Was für viele Hobby ist, ist für manche auch gleichzeitig Beruf. Welche psychischer Druck bei Profisportlern durch die Absagen wegen der Corona-Pandemie  entsteht und wie Hobbysportler motiviert bleiben, darüber haben wir mit dem Sportpsychologen Norbert Hagemann gesprochen.

Sport. Während manche Sport theatralisch als Mord bezeichnen, ist es für viele Hobby oder gar Beruf. Für etliche nordhessische Sportler ist die Saison vorbei. Welche psychischen Auswirkungen haben die Pause und die vielen Absagen schon jetzt auf die Sportler? Wie man trotzdem motiviert bleibt und wie wichtig psychische Hilfe nun sein kann, erklärt Professor Dr. Norbert Hagemann von der Universität Kassel.

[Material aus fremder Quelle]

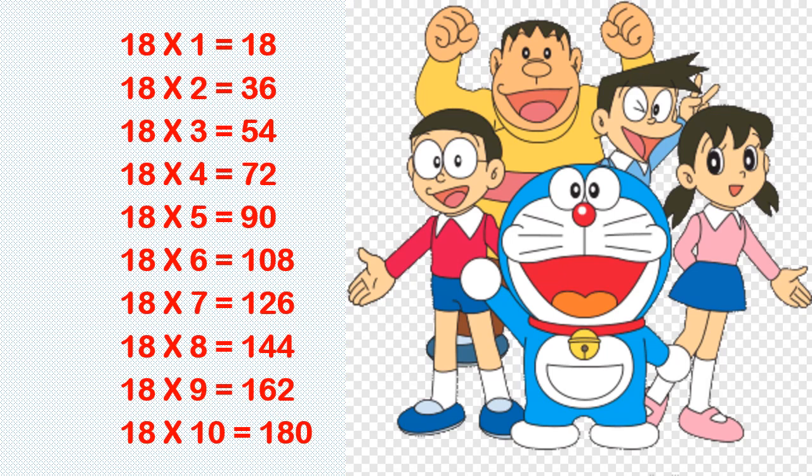Let us revise the table of 18. 18 ones are 18, 18 twos are 36, 18 threes are 54, 18 fours are 72, 18 fives are 90.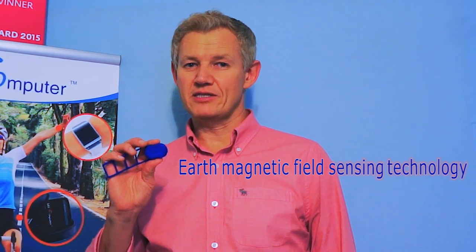Hi! There are many motion smart sensors on the market. Most of them use accelerometer or gyro, or both. The 3D motion smart sensor uses earth magnetic field sensing technology. Let me explain how that works.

EXTRA TIP: Spielzeiten in vielen Sportarten sind schon abgesagt. Athleten können nicht an Wettbewerben teilnehmen, für die sie sonst bezahlt werden. Viele fühlen sich um ihre Saison gebracht, für die sie hart gearbeitet haben. Wie wirkt sich diese Situation psychisch auf einen Athleten aus?

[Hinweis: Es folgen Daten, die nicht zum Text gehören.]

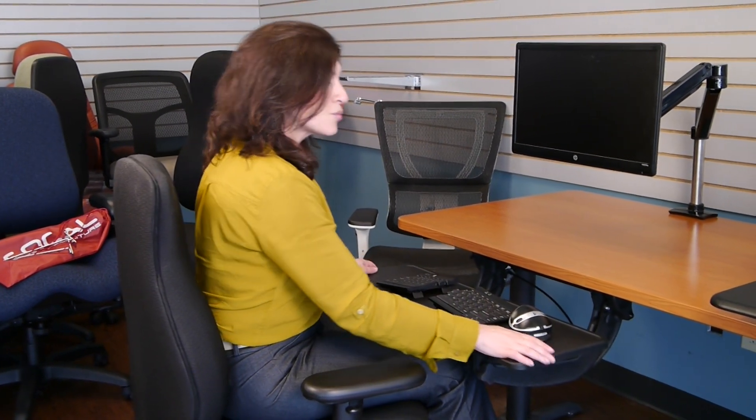With a lot of keyboard tray systems they're plasticky. A lot of times people will have a keyboard drawer which doesn't have the ability to be at a stable position or even at a slightly negative tilt position. This keyboard tray system does, and it's really strong — it's not going to be moving.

Prof. Norbert Hagemann: Diese Situation ist für viele Sportlerinnen und Sportler sicherlich sehr belastend. Es ist derzeit oft nicht klar, wann und wie die nächsten Wettkämpfe bestritten werden können. Außerdem stehen Trainingsstätten wie Schwimmhallen und Fitnessräume nicht wie gewohnt zur Verfügung. Deshalb können wir davon ausgehen, dass viele Sportler einer erhöhten Unsicherheit ausgesetzt sind, die auch psychische Auswirkungen haben kann. Die Auswirkungen hängen grundsätzlich von der Persönlichkeit des Sportlers ab und zusätzlich von der individuellen Situation. Hier spielt unter anderem die Sportart eine Rolle, aber auch wie stark die Person im Sportsystem eingebunden ist. Überwiegt bei den Sportlern die Existenzangst oder die Frustration, gesteckte Ziele nicht erreichen zu können? Das kann sicherlich nur individuell beantwortet werden. Es ist davon auszugehen, dass die Absage von Wettkämpfen für viele Sportler zunächst negative Emotionen hervorruft. Ob sich daraus Existenzängste entwickeln, hängt zum einen von der finanziellen Absicherung der Athleten ab und zum anderen vom sozialen Unterstützungssystem. Deshalb kommt auf professioneller Ebene den Sportpsychologen derzeit eine besondere Bedeutung zu. Sie können als Ansprechperson fungieren und Hilfestellung in der Unsicherheit anbieten.

Professor Dr. Norbert Hagemann.

Was kann man gegen Angstgefühle oder Frust tun? 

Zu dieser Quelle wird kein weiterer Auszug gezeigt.